• [PROBLEM]:
Locate the line that contains "LucMatton Men's Dress" in the entries below. Retype it and all following lines through the final one, character for character.

• [RAW DATA]:
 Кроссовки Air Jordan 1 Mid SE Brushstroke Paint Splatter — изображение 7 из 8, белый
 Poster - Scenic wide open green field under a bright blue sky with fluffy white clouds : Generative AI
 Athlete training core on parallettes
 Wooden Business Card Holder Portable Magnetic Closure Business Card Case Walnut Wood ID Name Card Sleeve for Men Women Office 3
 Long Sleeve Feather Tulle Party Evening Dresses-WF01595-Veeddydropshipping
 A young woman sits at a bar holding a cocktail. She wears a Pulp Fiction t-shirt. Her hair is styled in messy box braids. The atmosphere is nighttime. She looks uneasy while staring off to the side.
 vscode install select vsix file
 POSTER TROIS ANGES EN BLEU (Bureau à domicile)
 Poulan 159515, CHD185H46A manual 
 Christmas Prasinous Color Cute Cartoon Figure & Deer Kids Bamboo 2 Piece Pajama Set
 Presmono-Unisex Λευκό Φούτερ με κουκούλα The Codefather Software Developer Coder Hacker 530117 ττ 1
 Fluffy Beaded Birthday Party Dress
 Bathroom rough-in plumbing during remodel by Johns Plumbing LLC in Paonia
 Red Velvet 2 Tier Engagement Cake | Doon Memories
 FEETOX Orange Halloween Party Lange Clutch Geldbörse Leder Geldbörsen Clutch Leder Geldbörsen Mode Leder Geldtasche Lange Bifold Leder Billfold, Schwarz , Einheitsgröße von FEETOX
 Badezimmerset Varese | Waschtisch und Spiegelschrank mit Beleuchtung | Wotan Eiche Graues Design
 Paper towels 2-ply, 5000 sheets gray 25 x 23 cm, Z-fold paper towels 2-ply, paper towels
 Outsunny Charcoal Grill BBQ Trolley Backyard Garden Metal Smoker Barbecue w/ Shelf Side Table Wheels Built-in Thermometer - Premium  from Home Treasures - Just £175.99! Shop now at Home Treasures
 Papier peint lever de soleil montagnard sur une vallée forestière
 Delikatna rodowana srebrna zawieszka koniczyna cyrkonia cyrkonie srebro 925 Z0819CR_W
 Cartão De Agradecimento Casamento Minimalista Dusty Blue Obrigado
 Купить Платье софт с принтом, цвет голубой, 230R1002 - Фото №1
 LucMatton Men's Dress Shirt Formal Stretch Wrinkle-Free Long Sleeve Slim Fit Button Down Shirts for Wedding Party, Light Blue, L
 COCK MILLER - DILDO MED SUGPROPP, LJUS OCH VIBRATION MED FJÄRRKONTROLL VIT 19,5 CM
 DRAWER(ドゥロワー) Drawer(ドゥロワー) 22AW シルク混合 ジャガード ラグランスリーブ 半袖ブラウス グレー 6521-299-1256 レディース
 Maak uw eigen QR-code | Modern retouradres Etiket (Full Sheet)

• [FINAL ANSWER]:
 LucMatton Men's Dress Shirt Formal Stretch Wrinkle-Free Long Sleeve Slim Fit Button Down Shirts for Wedding Party, Light Blue, L
 COCK MILLER - DILDO MED SUGPROPP, LJUS OCH VIBRATION MED FJÄRRKONTROLL VIT 19,5 CM
 DRAWER(ドゥロワー) Drawer(ドゥロワー) 22AW シルク混合 ジャガード ラグランスリーブ 半袖ブラウス グレー 6521-299-1256 レディース
 Maak uw eigen QR-code | Modern retouradres Etiket (Full Sheet)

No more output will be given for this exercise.